Baked butternut and sweet potatoes with Mary-Ann's red pepper mayonnaise and a bit of cream, if dairy free use olive oil rather. Put potatoes and whole butternut into oven on 180 for half and hour to 45 mins depending on how your oven is. Test with a knife to see if it is cooked. Serve with a salad
Potato wedges and salad. This is STILL a family favourite and so quick and easy.
Rice or Pasta Salad
Cook your rice or gluten free pasta according to instructions.
Take 2 big tomatoes, half a pack of organic lettuce, quarter cucumber and 2 big carrots - food process into tiny tiny pieces.
Add this raw salad mush to your rice or pasta once cooked. Pour over olive oil and applecider vinegar or Tamari sause, herbal salt and if you want to chop herbs in that is also fine. You can add or take away from this according to your family's preferences.
Pasta & sauce
Wednesday, March 10, 2010
Aaaahhh these "cheesy" sprinkles are great.
You take a quarter cup of pine nuts or sunflower or sesame seeds (or a mixture) and a quarter cup of nutritional yeast, add some Herbamare salt, black pepper and if you like some paprika. Wizz in the coffee grinder and voila! you have little sprinkes that taste a bit like parmesan for your salad. Very delicious. Oh yes and nutritional yeast does not affect you in the same way as normal yeast and is safe.
Monday, March 8, 2010
Well this is how we have breakfast in our house. The boys are building towns with elaborate details, whilst having their nut milk.
Nut Milk Recipe:
1 cup almonds, 2 bananas, 2 Tbs honey, 1 cup dates, 1 cup ice cubes, 4 cups water and a teaspoon of vanilla powder. Blend. Strain through nut bag and enjoy.

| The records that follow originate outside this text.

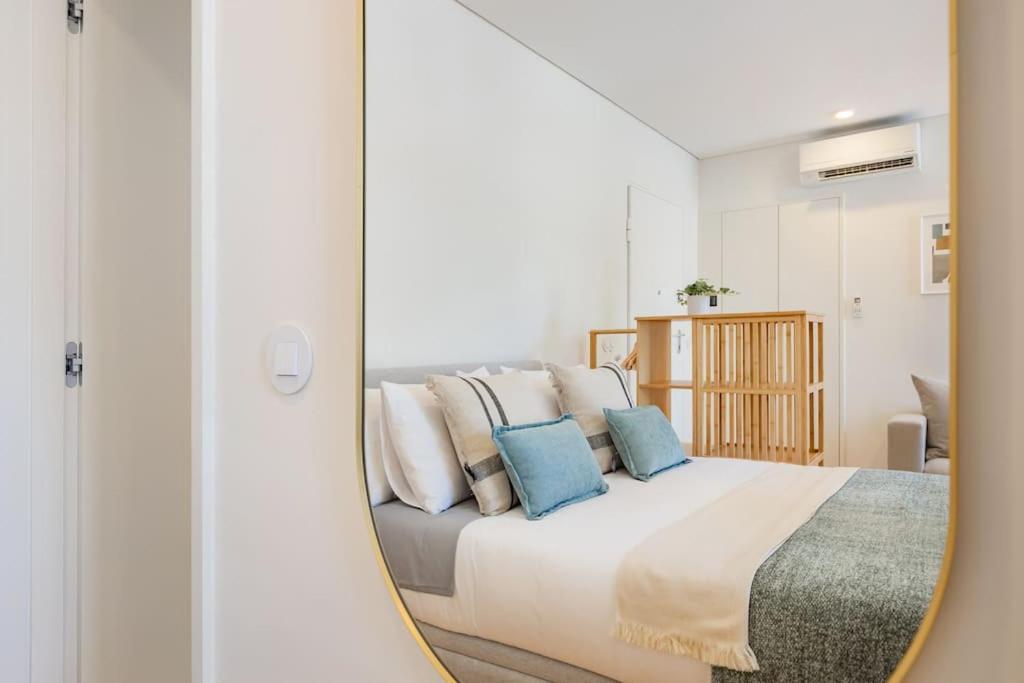 Appartement Cordoaria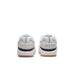 Nike SB Ishod Wair White Summit White BlackWhite - 50-50 Skate Shop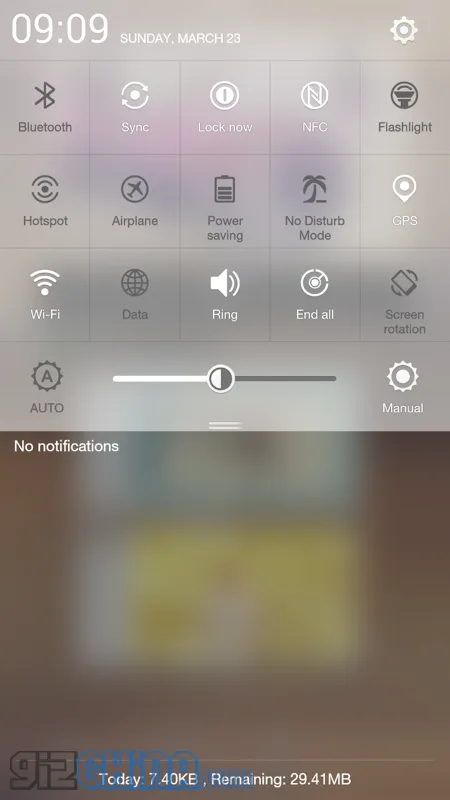 screenshot 2014 03 23 09 09 37 970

On Saturday we went to visit Gayleen and Carol's Raw food stall at the Portabello Market in Tokai. We bought lunch. It is not cheap, and cost us R200 but we got an assortment of goodies (some not pictured here as they had mysteriously disappeared!!) So what we got for that was:
3 pieces of chocolate pie, a chocolate truffle, a chocolate banana, a biscotti, 3 pieces of pizza, 2 packets of essene bread, red pepper pesto and veggie burger patties. We then visited the organic veggie stall up at the top of the market (don't be fooled there is a Rogers Fruiterers stand , which is DEFINITELY NOT organic - so if you are unsure ask) and also the organic olive stand. Aaaaahhhh....so delicious we were all happy!
Wednesday, March 3, 2010
First make cashew nut milk:
1 cup cashews
5 cups water
Blend and strain through a nut bag.
Half a cup of nut milk.
Pinch of nutmeg
Pinch of cinnamon
Pinch of vanilla
1 tsp of carob or cacao powder
1 Tablespoon of honey
Fill up with hot water
This should be warm, not too hot to put your finger in - to ensure it is still raw.
Tuesday, March 2, 2010
This is the raw carob fudge I will be making for the nutrition course I am running tonight.
To find the recipe go to the Hallelujah Acres Holiday Recipes
1 cup rolled oats / buckwheat flakes
3/4 cup of carob powder
1/4 cup sesame seeds (grind in a coffee grinder first)
1/4 cup sunflower seeds (grind in coffee grinder first)
1/2 cup almond butter or tahini
Handful of soaked dates
1 cup pecan nuts or hazelnuts
1 cup of macerated dates
honey to taste
Put all in food processor then with wet hands shape them into balls and put into fridge or freezer.